Dataset entries
↓

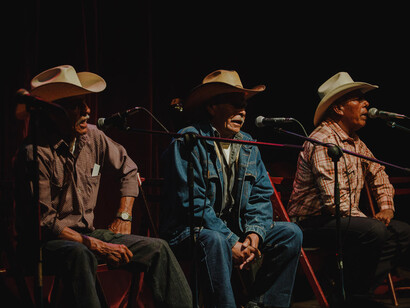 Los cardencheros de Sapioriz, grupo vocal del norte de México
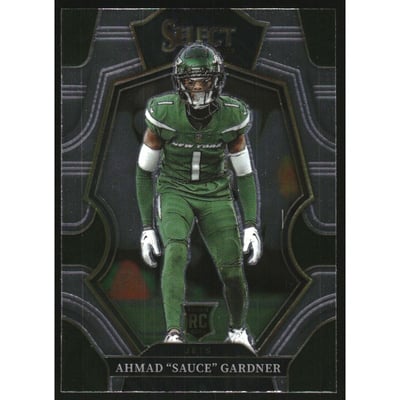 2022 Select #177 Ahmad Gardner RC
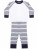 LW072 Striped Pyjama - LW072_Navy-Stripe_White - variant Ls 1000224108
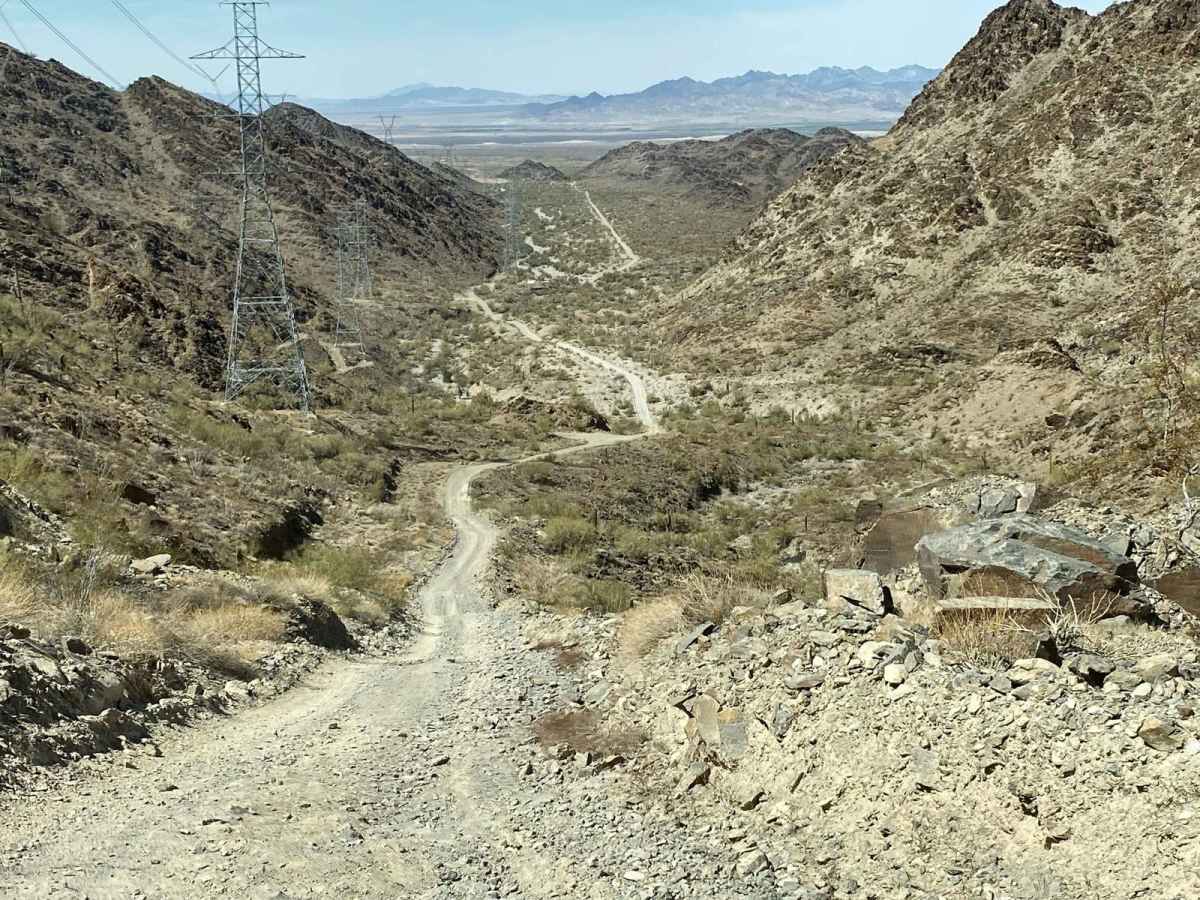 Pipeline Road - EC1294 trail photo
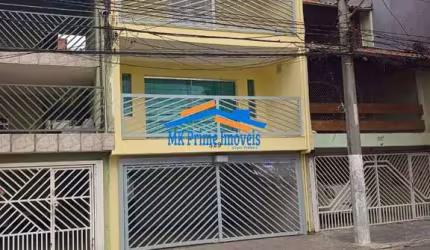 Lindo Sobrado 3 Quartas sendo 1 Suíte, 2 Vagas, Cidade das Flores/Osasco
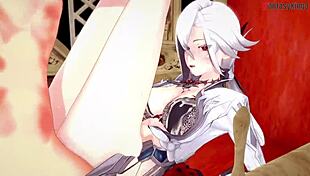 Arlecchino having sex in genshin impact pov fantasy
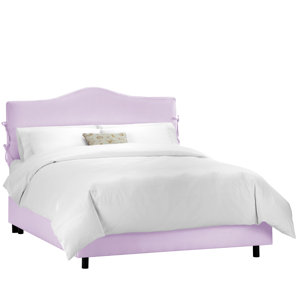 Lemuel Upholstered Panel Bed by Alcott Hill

↑
↓

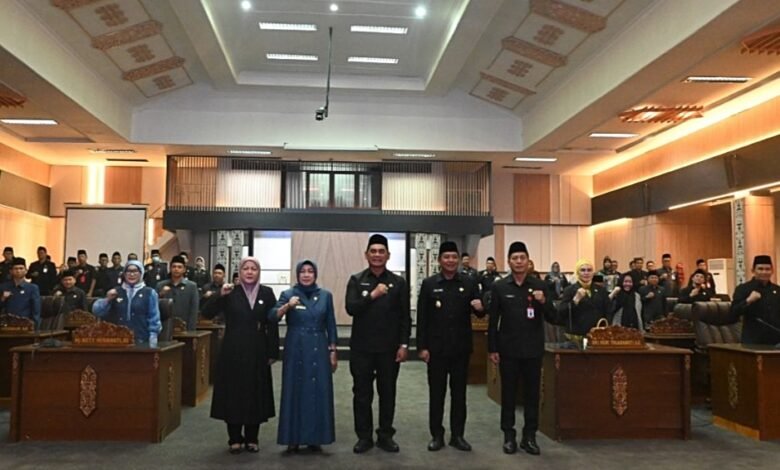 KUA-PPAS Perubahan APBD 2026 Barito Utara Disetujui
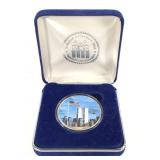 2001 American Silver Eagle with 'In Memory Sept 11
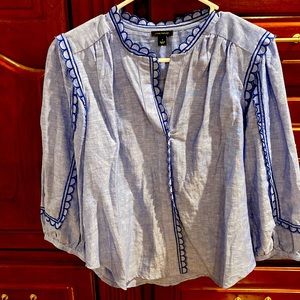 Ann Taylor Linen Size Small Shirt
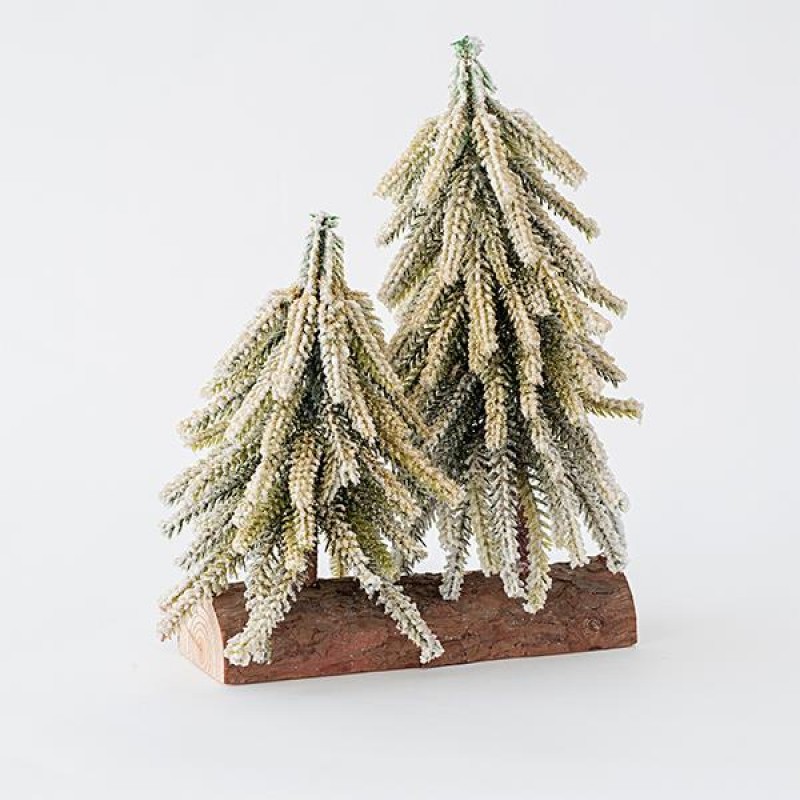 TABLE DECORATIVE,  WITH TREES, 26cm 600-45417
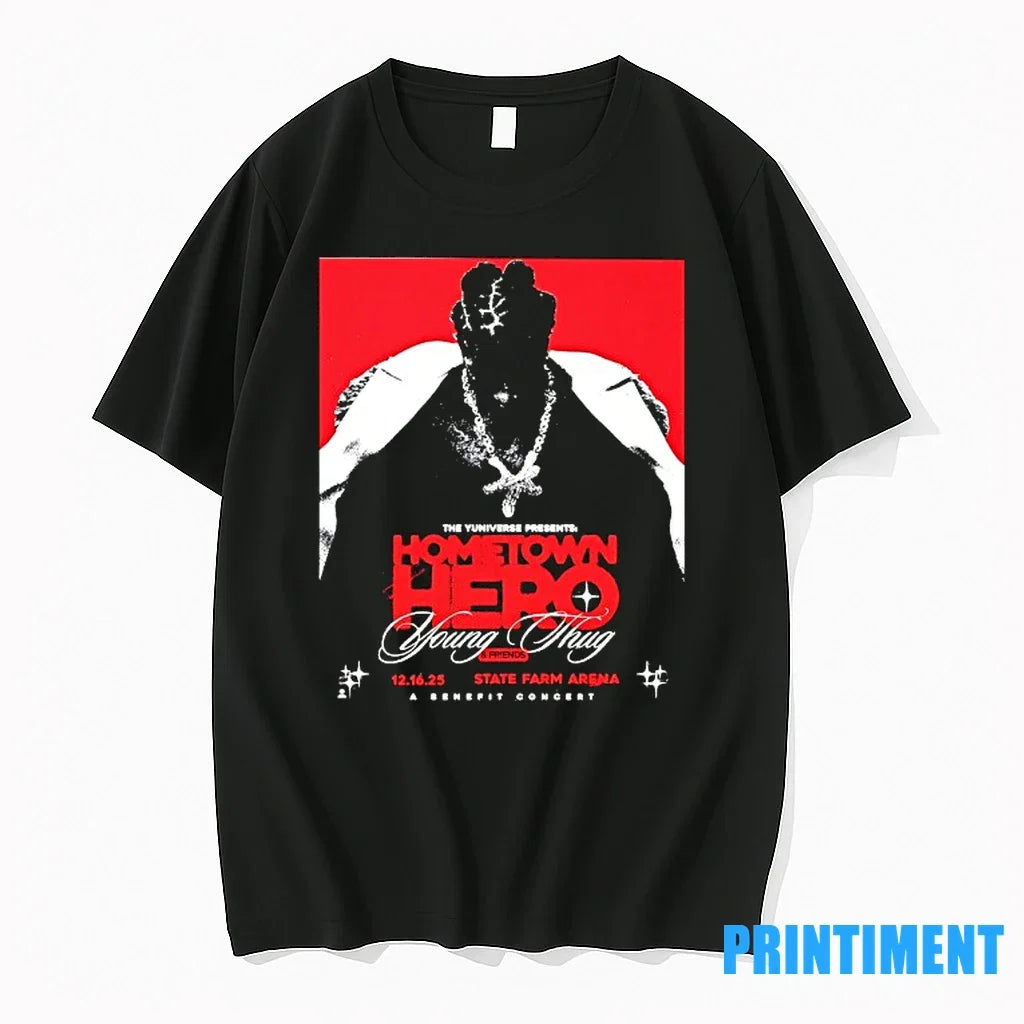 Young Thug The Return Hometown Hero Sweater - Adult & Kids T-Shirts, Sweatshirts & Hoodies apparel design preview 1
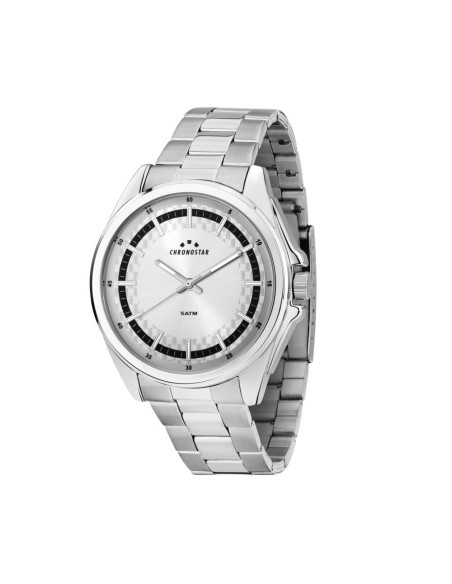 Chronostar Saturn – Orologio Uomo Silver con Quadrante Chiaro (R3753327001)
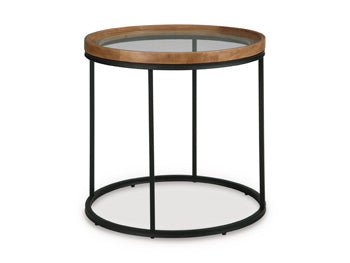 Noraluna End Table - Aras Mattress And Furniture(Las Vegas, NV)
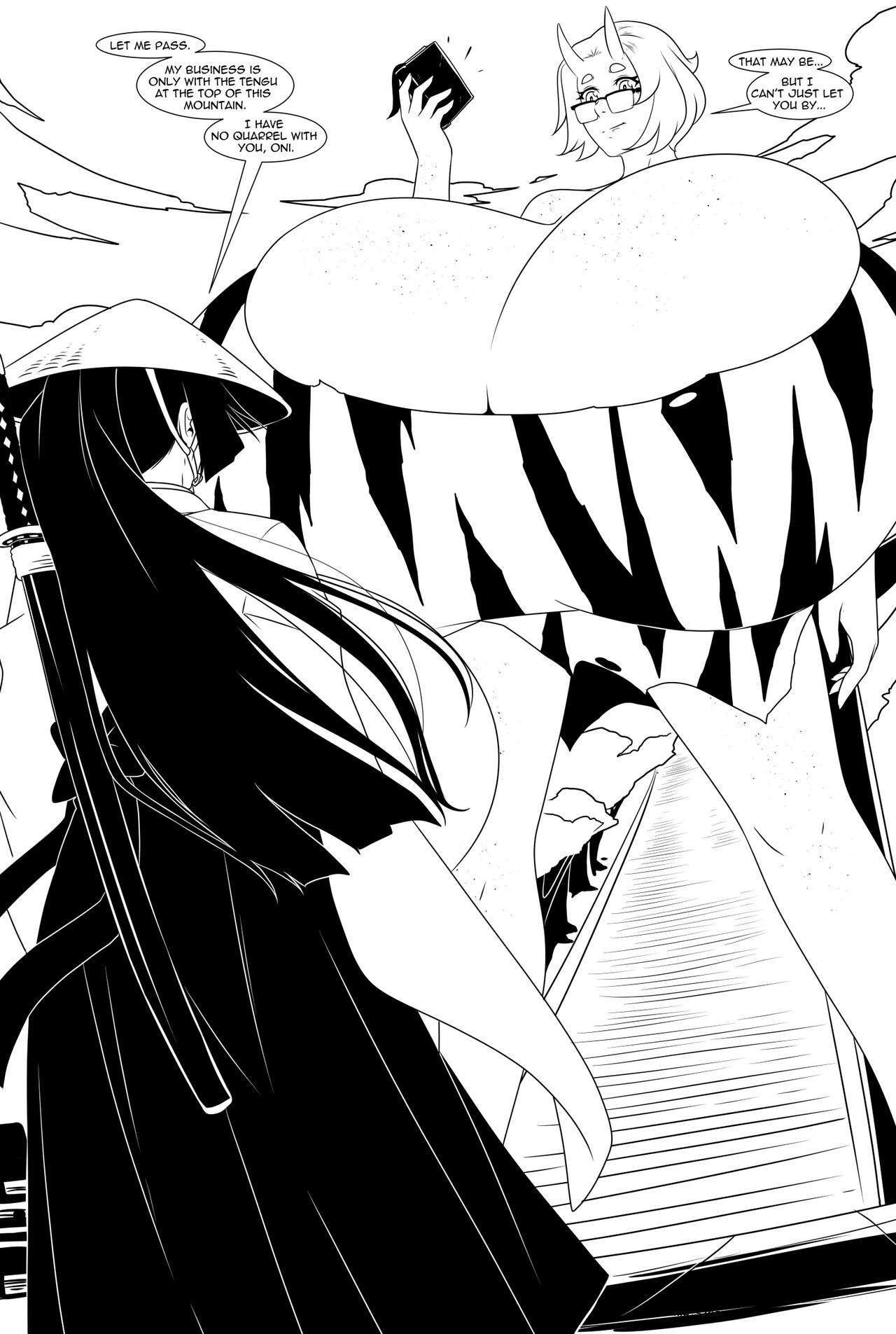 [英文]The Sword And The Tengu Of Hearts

↑

- **Aim of the exercise**:
Copy exactly the lines of the entries above from the one containing "Los cardencheros de" through the one containing "Lemuel Upholstered Panel Bed by Alcott Hill". Both end lines count; pictures do not.

- **Your solution**:
 Los cardencheros de Sapioriz, grupo vocal del norte de México
 2022 Select #177 Ahmad Gardner RC
 LW072 Striped Pyjama - LW072_Navy-Stripe_White - variant Ls 1000224108
 Pipeline Road - EC1294 trail photo
 Lindo Sobrado 3 Quartas sendo 1 Suíte, 2 Vagas, Cidade das Flores/Osasco
 Arlecchino having sex in genshin impact pov fantasy
 Lemuel Upholstered Panel Bed by Alcott Hill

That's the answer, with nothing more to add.